### ASSIGNMENT
Copy only those lines which run from the line containing "Christian louboutin nude" to the end of the entries below, both inclusive, exactly as written and with no pictures.

### DATA RECORDS
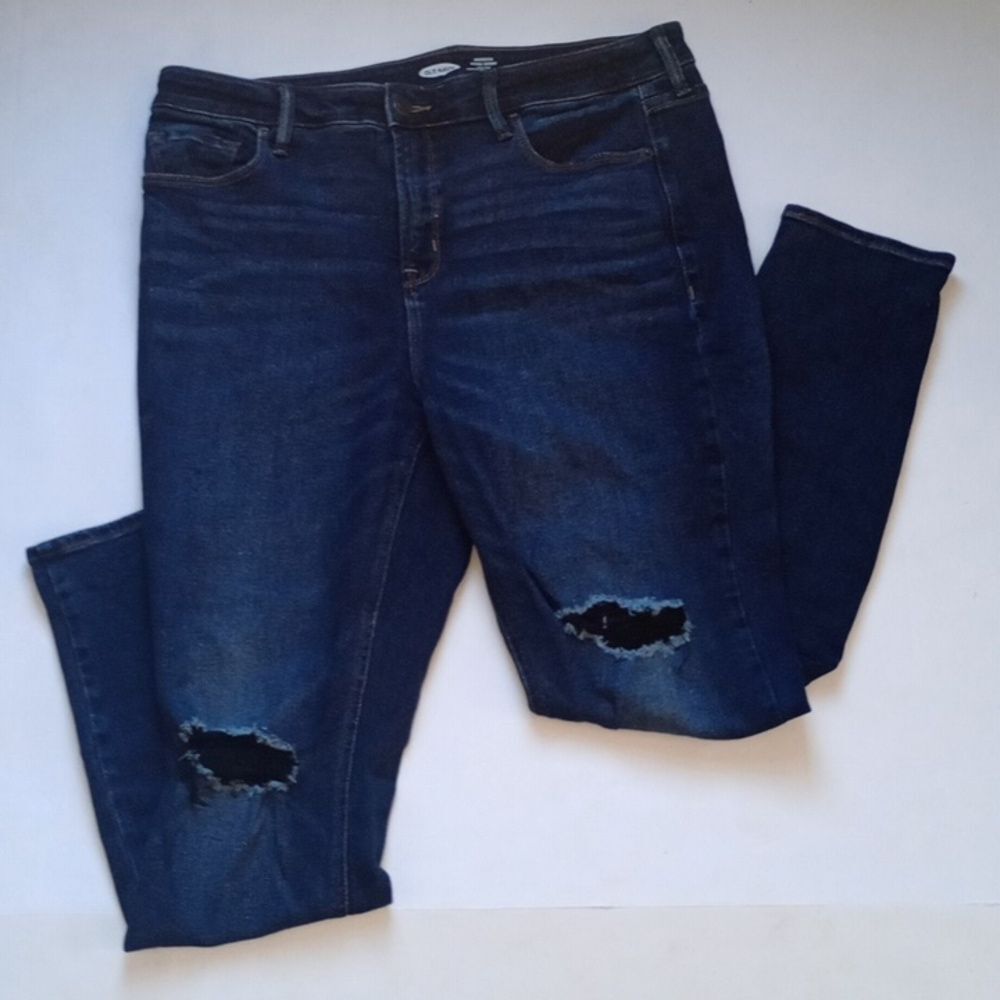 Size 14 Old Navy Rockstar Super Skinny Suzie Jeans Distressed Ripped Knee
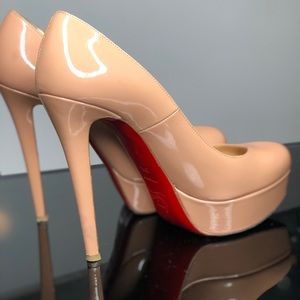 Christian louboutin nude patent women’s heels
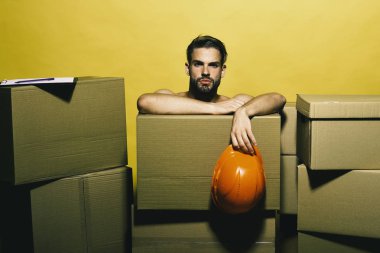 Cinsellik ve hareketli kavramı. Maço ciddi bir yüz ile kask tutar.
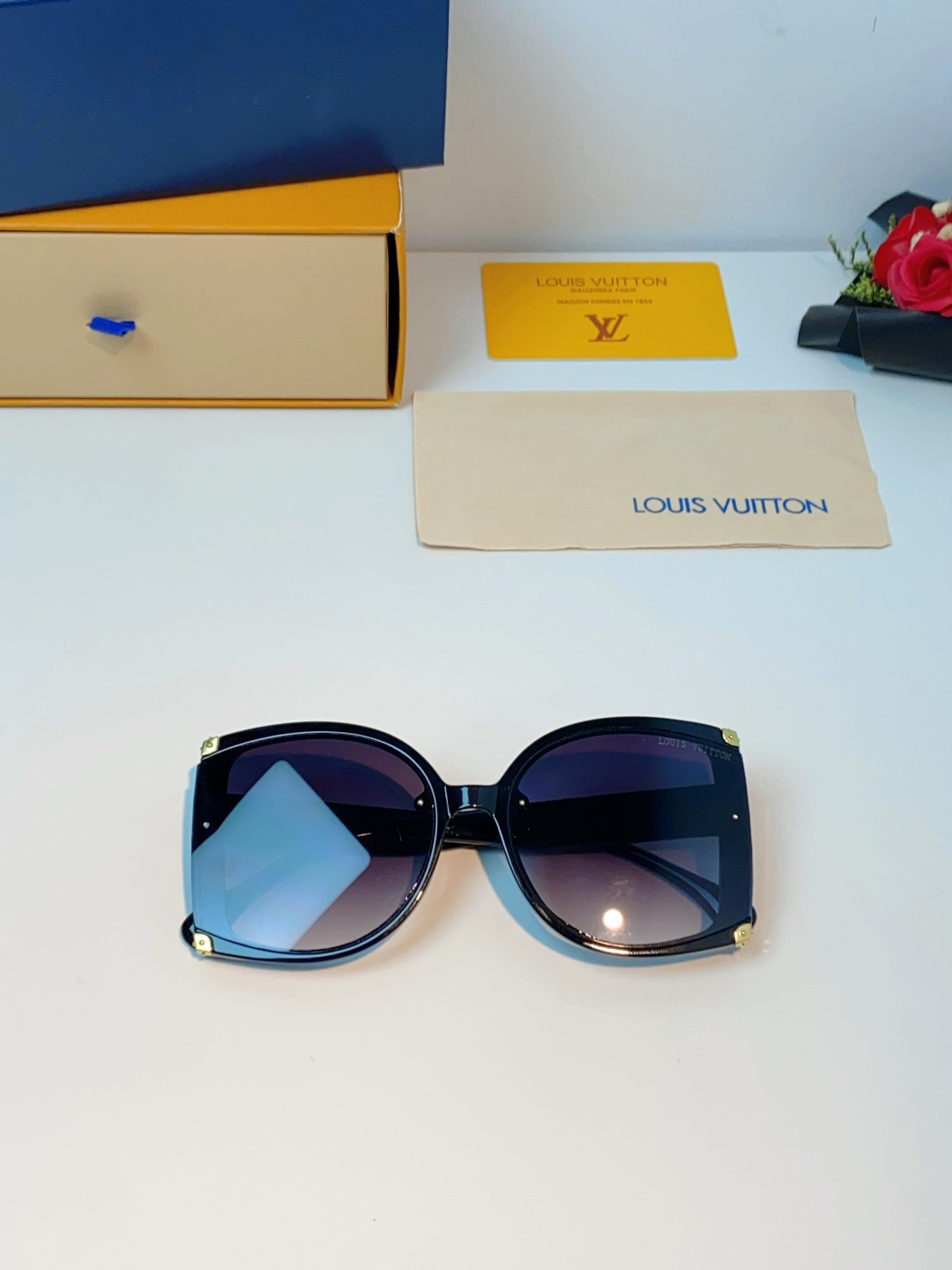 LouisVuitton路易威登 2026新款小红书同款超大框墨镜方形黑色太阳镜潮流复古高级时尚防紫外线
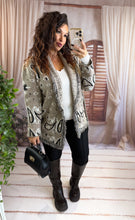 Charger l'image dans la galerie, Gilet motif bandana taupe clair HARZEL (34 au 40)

### TASK ANSWER
 Christian louboutin nude patent women’s heels
 Cinsellik ve hareketli kavramı. Maço ciddi bir yüz ile kask tutar.
 LouisVuitton路易威登 2026新款小红书同款超大框墨镜方形黑色太阳镜潮流复古高级时尚防紫外线
 Charger l'image dans la galerie, Gilet motif bandana taupe clair HARZEL (34 au 40)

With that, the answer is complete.